By Frances Stead Sellers, Washington Post, February 2, 2020
STEVENS, Pa. — They settled, watchfully, into position — a retired couple armed with a long-nosed camera and three men with shotguns.
Tom Stoeri balanced the hefty lens on his half-open car window, waiting to capture the Canada geese as they huddled on the frozen lake, fluttering up in occasional agitation before they launched into flight.
A little more than a mile away, John Heidler and two friends scanned the skies from a sunken blind, mimicking the birds’ honking and hoping their array of decoys would lure them within range — until, Pachow! Pachow! Pachow! Two geese dropped in bursts of grey-black plumage, and a third swung low across the snow-streaked landscape before falling to the jaws of Heidler’s chocolate lab.
Public lands such as these at the Middle Creek Wildlife Management Area are a shared resource, open to an unlikely mix of hunters and hikers, birdwatchers and mountain bikers.
“It’s a symbiotic thing,” said Meg Stoeri, Tom’s wife and fellow photographer.
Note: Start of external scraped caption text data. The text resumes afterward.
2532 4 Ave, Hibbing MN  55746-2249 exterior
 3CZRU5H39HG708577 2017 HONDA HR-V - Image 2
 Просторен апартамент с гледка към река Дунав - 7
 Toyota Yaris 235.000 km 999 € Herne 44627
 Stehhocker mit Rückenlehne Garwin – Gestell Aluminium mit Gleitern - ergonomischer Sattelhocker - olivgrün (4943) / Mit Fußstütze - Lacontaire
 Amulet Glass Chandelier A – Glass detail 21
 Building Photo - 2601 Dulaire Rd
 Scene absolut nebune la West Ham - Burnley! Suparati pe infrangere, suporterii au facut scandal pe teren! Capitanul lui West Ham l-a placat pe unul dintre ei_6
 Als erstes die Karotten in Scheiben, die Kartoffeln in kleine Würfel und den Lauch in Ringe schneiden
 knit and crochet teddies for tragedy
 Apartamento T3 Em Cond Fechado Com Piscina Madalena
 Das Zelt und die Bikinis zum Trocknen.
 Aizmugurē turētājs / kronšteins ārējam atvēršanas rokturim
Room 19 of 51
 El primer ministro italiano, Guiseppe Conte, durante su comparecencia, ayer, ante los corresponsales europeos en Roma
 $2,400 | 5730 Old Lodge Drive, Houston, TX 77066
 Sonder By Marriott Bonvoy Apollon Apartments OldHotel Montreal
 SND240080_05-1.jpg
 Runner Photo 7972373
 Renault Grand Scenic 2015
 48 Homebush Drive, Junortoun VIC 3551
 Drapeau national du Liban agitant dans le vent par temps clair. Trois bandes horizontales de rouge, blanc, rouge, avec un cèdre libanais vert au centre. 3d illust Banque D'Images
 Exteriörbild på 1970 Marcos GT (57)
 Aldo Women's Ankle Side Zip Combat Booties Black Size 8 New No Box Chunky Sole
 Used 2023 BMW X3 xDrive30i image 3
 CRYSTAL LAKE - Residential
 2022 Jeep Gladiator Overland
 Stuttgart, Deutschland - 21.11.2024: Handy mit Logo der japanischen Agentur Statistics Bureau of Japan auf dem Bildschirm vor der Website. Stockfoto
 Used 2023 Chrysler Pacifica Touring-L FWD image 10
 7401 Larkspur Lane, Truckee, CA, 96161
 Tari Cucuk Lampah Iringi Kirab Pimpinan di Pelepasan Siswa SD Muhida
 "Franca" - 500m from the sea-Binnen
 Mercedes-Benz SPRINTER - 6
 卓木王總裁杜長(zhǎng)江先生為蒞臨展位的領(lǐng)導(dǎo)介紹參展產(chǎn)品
But today, that symbiosis is off kilter: Americans’ interest in hunting is on the decline, cutting into funding for conservation, which stems largely from hunting licenses, permits and taxes on firearms, bows and other equipment.
Even as more people are engaging in outdoor activities, hunting license sales have fallen from a peak of about 17 million in the early ’80s to 15 million last year, according to U.S. Fish and Wildlife Service data. The agency’s 2016 survey suggested a steeper decline to 11.5 million Americans who say they hunt, down more than 2 million from five years earlier.
“The downward trends are clear,” said Samantha Pedder of the Council to Advance Hunting and the Shooting Sports, which works to increase the diversity of hunters.
The resulting financial shortfall is hitting many state wildlife agencies.
In Wisconsin, a $4 million to $6 million annual deficit forced the state’s Department of Natural Resources to reduce warden patrols and invasive species control. Michigan’s legislature had to dig into general-tax coffers to save some of the state’s wildlife projects, while other key programs, such as protecting bees and other pollinating creatures, remain “woefully underfunded,” according to Edward Golder, a spokesman for the state’s natural resources department. Some states, including Missouri, are directing sales tax revenue to conservation.
Here in Pennsylvania — where the game commission gets more than 50 percent of its revenue from licenses, permits and taxes — the agency had to cancel construction projects, delay vehicle purchases and leave dozens of positions vacant, according to a 2016 report, even as it tackled West Nile virus and tried to protect rare creatures such as the wood rat.
“That’s what keeps me up at night,” Robert Miller, director of the Governor’s Advisory Council for Hunting, Fishing and Conservation, said of the inadequacies of the user-pay, user-play model that has funded conservation for decades.
A national panel has called for a new funding model to keep at-risk species from needing far costlier emergency measures. The crisis stands to worsen with as many as one-third of America’s wildlife species “at increased risk of extinction,” according to a 2018 report published by the National Wildlife Federation. In December, environmentalists and hunters united in Washington behind two bipartisan bills aimed at establishing new funding sources and facilitating the recruitment of hunters.
The needs are becoming more urgent as development eats into habitats and new challenges crop up, such as climate change and chronic wasting disease, a neurological condition infecting deer. The Trump administration’s recent rollback of pollution controls on waterways will put a greater burden on states to protect wetland habitats.